▶ [The problem] Print the line containing "3．化险为夷——到头来防御姿态", then every line after it through the end of the material, exactly as written and without pictures.

+ + + +

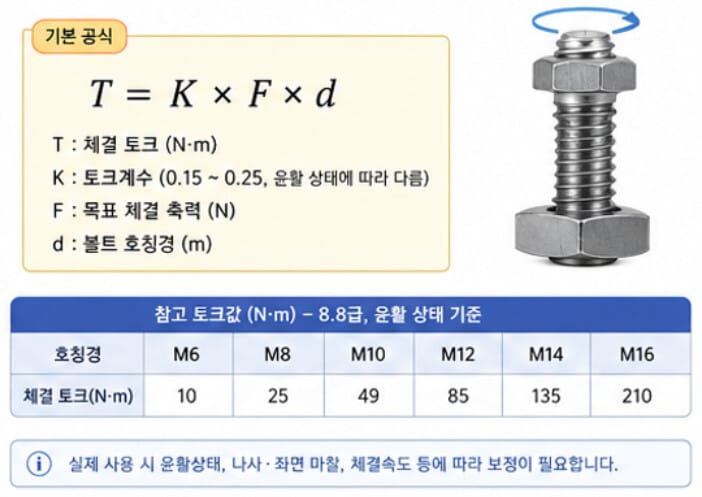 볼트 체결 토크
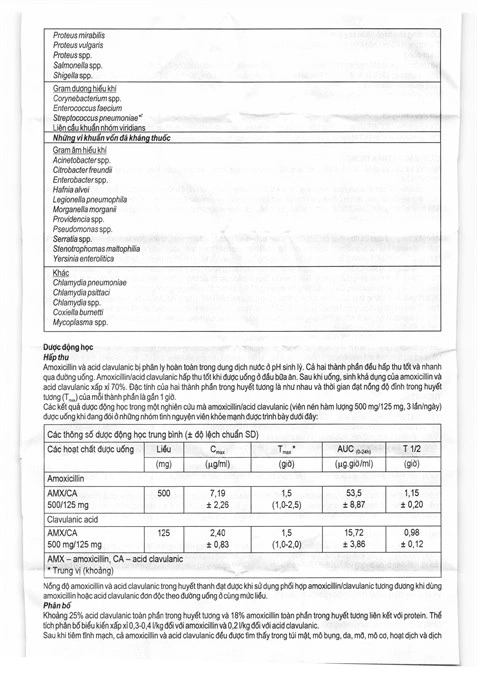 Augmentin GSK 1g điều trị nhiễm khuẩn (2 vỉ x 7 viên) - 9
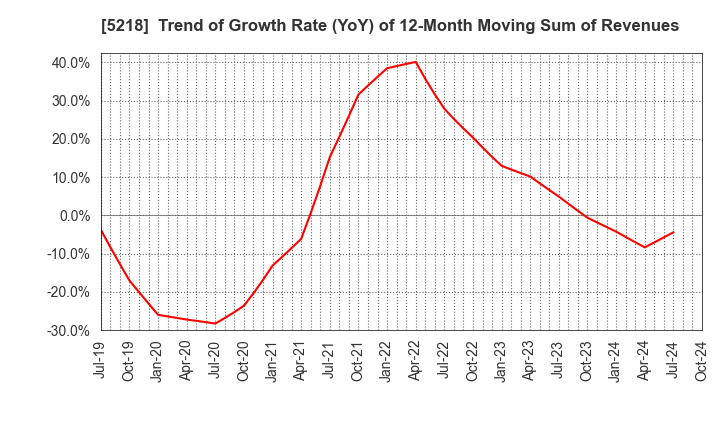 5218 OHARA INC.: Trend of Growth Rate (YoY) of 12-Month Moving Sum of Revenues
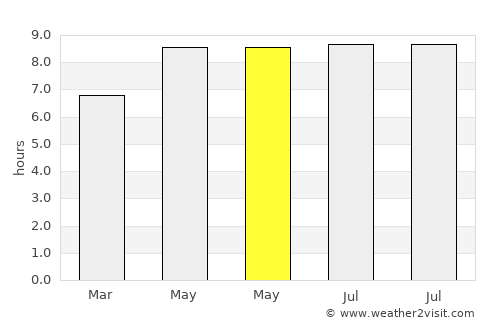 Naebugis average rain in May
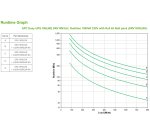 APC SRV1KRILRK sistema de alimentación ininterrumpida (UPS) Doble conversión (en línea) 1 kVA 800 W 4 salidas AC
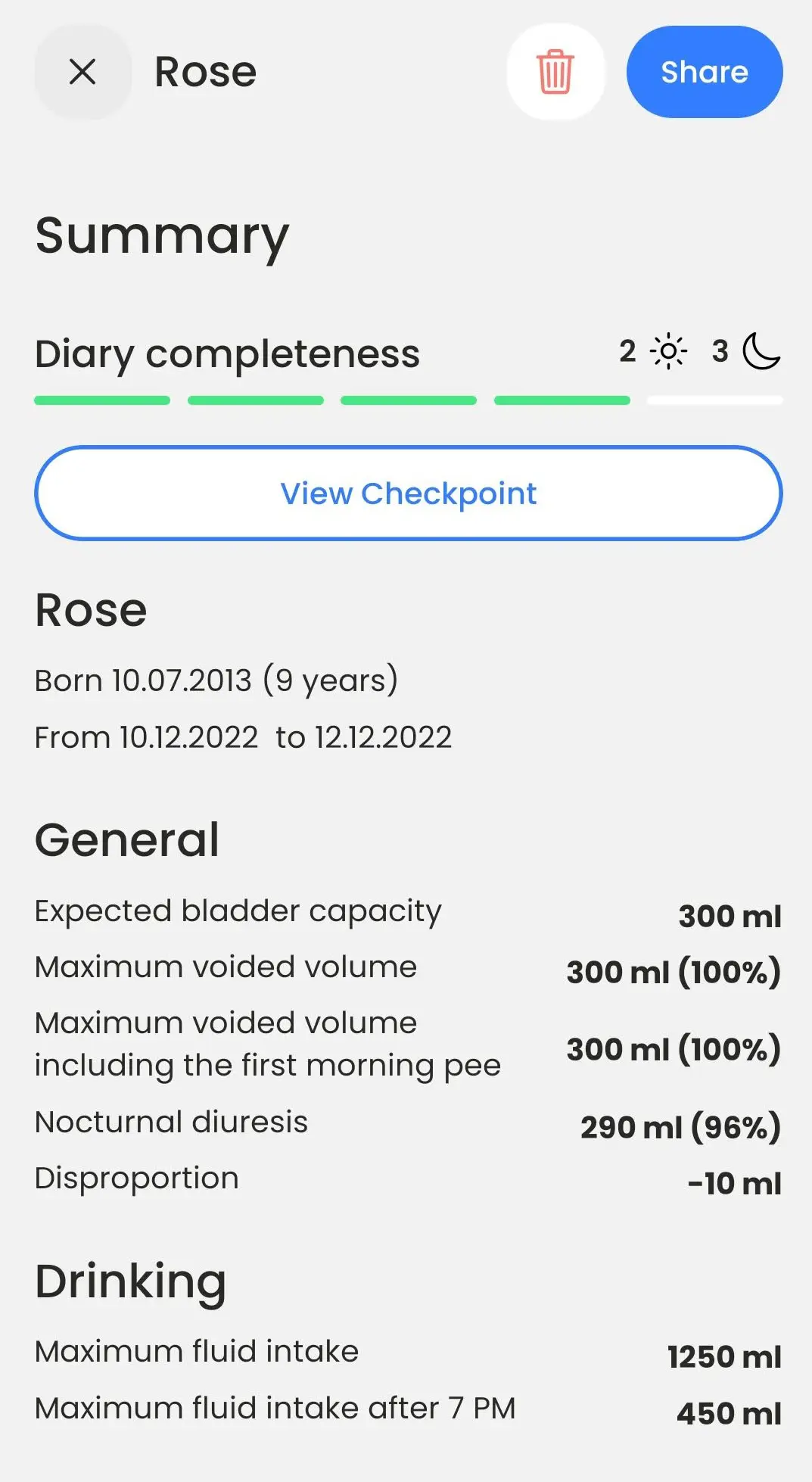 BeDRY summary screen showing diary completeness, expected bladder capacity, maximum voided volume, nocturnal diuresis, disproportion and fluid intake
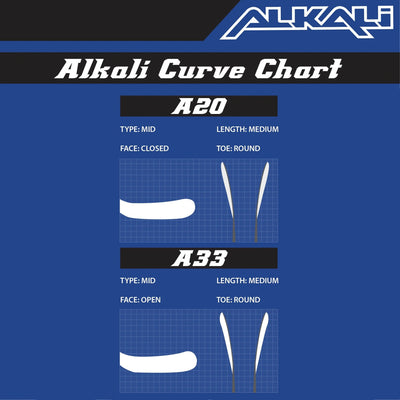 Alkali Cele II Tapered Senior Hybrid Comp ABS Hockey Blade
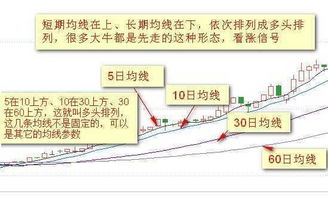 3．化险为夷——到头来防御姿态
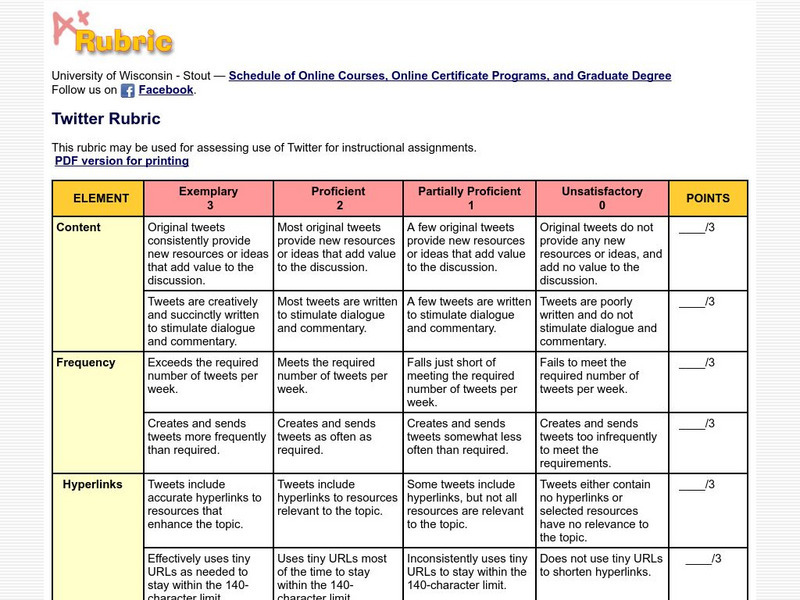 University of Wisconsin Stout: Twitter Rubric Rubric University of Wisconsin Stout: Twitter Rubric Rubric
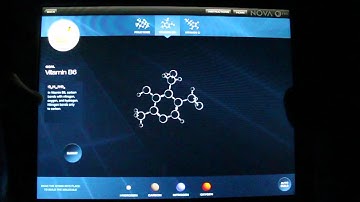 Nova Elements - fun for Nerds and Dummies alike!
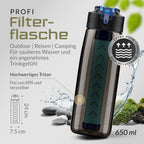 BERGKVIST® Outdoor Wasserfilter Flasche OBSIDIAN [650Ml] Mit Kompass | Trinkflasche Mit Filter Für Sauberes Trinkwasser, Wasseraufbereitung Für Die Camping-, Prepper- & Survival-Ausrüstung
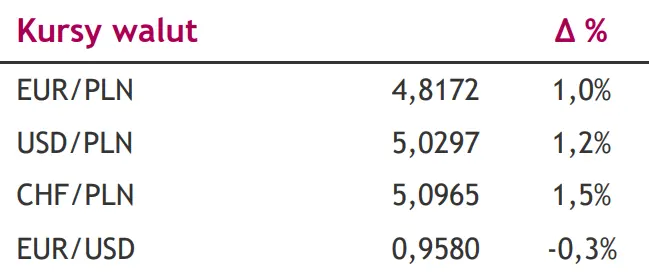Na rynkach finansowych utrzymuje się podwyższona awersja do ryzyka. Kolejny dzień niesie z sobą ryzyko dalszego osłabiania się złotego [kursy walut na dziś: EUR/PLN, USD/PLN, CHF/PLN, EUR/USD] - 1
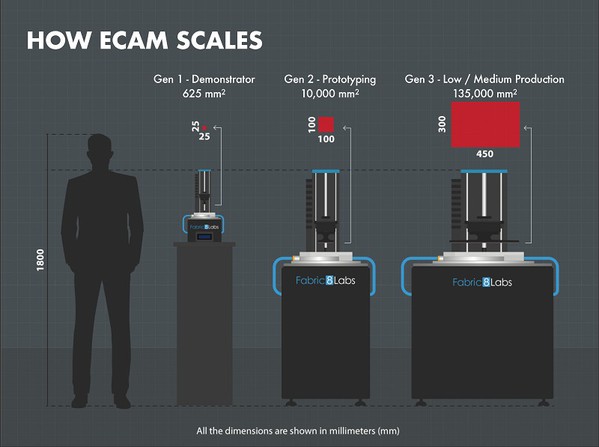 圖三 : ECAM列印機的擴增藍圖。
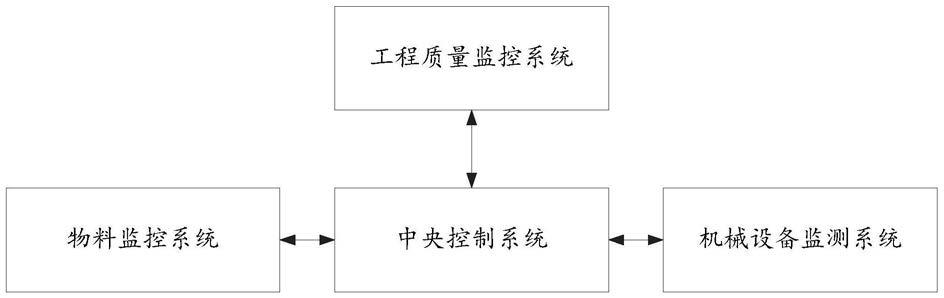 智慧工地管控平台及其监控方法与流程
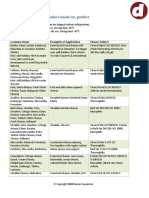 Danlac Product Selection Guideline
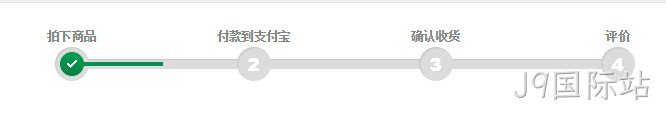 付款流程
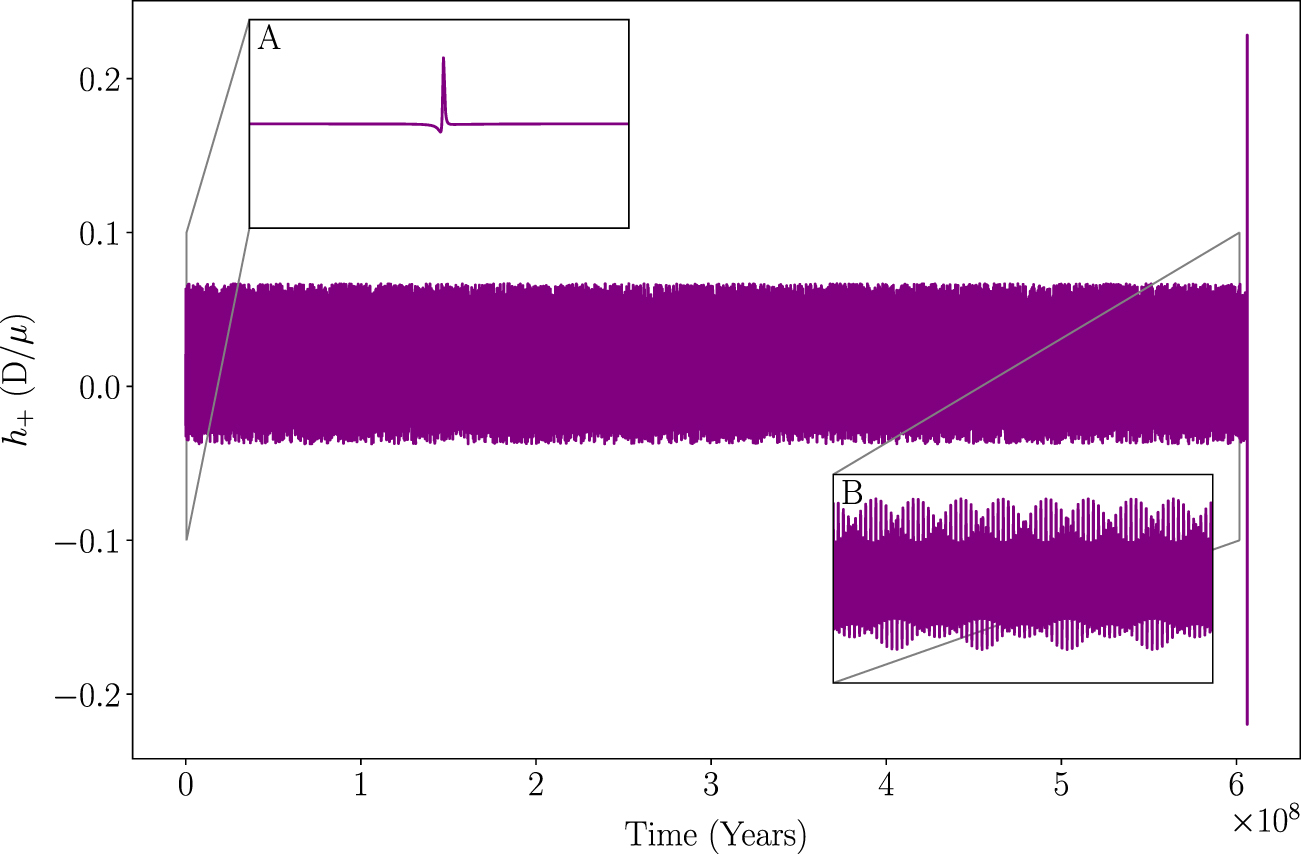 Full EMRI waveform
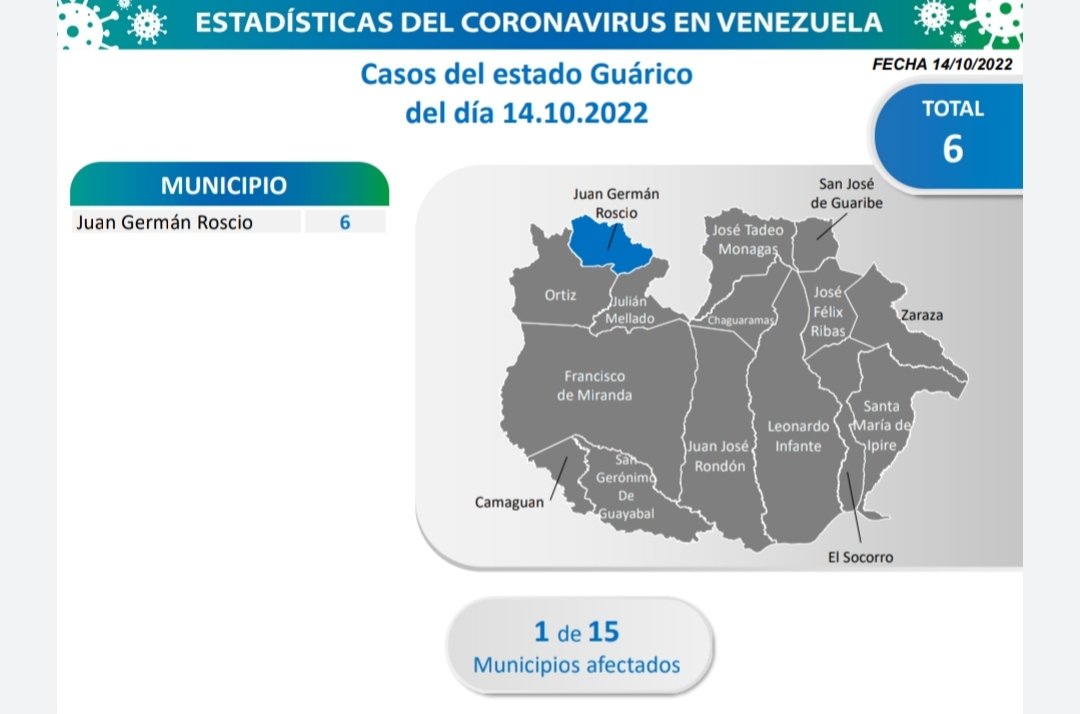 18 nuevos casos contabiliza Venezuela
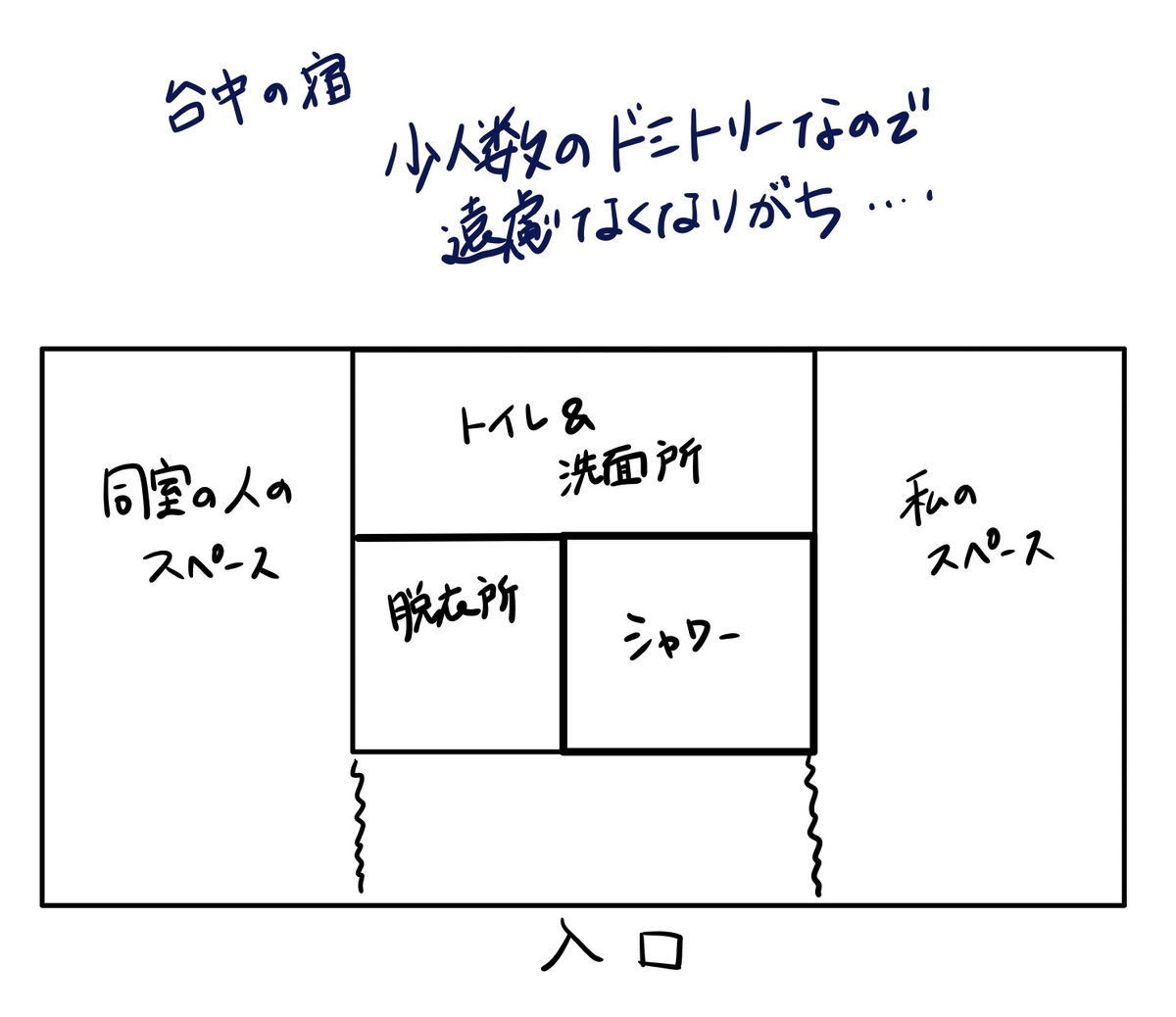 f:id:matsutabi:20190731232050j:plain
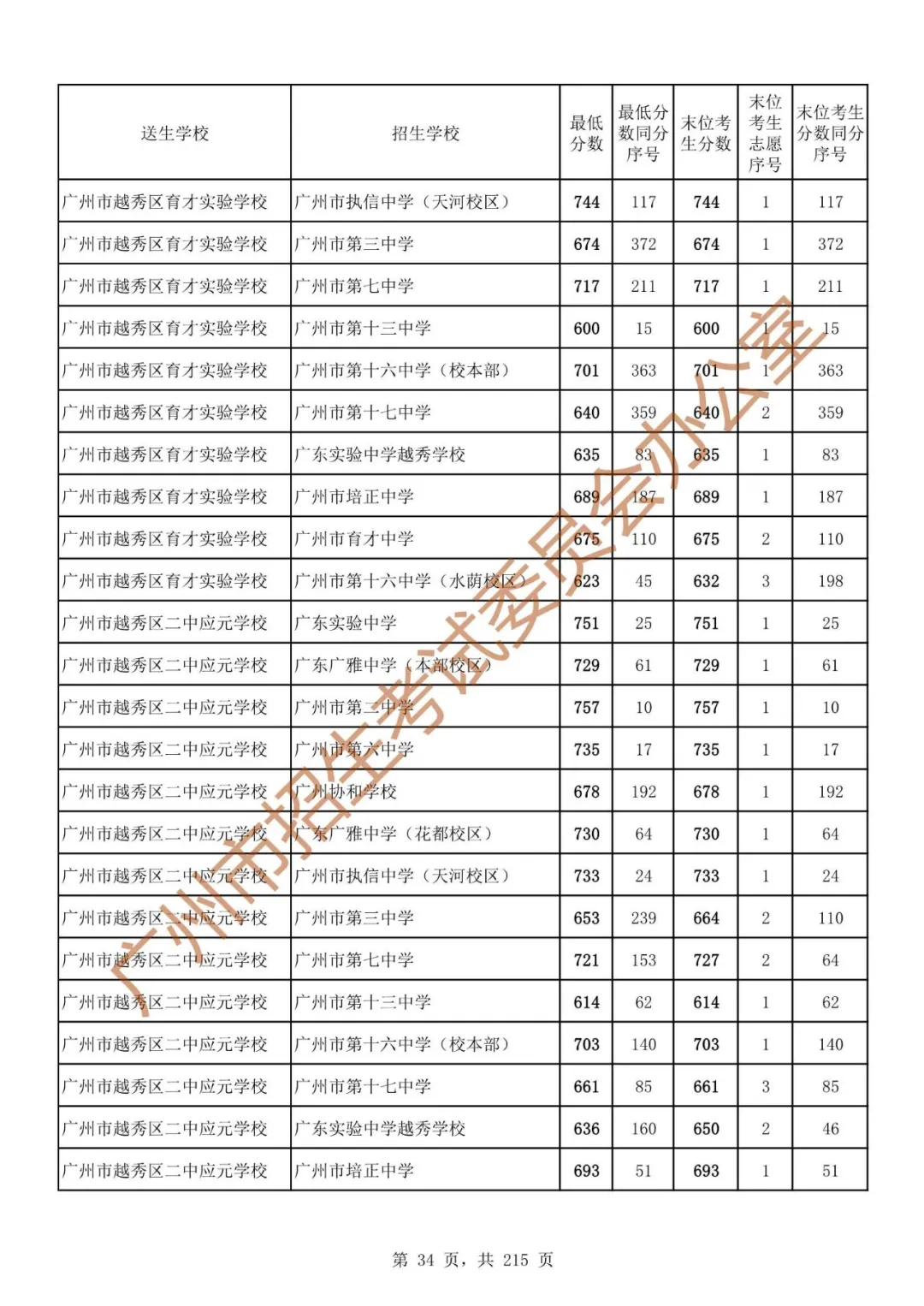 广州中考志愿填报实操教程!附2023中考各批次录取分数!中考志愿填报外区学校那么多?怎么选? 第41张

+ + + +

▶ [Solved exercise]
 3．化险为夷——到头来防御姿态
 University of Wisconsin Stout: Twitter Rubric Rubric University of Wisconsin Stout: Twitter Rubric Rubric
 Nova Elements - fun for Nerds and Dummies alike!
 BERGKVIST® Outdoor Wasserfilter Flasche OBSIDIAN [650Ml] Mit Kompass | Trinkflasche Mit Filter Für Sauberes Trinkwasser, Wasseraufbereitung Für Die Camping-, Prepper- & Survival-Ausrüstung
Na rynkach finansowych utrzymuje się podwyższona awersja do ryzyka. Kolejny dzień niesie z sobą ryzyko dalszego osłabiania się złotego [kursy walut na dziś: EUR/PLN, USD/PLN, CHF/PLN, EUR/USD] - 1
 圖三 : ECAM列印機的擴增藍圖。
 智慧工地管控平台及其监控方法与流程
 Danlac Product Selection Guideline
 付款流程
 Full EMRI waveform
 18 nuevos casos contabiliza Venezuela
 f:id:matsutabi:20190731232050j:plain
 广州中考志愿填报实操教程!附2023中考各批次录取分数!中考志愿填报外区学校那么多?怎么选? 第41张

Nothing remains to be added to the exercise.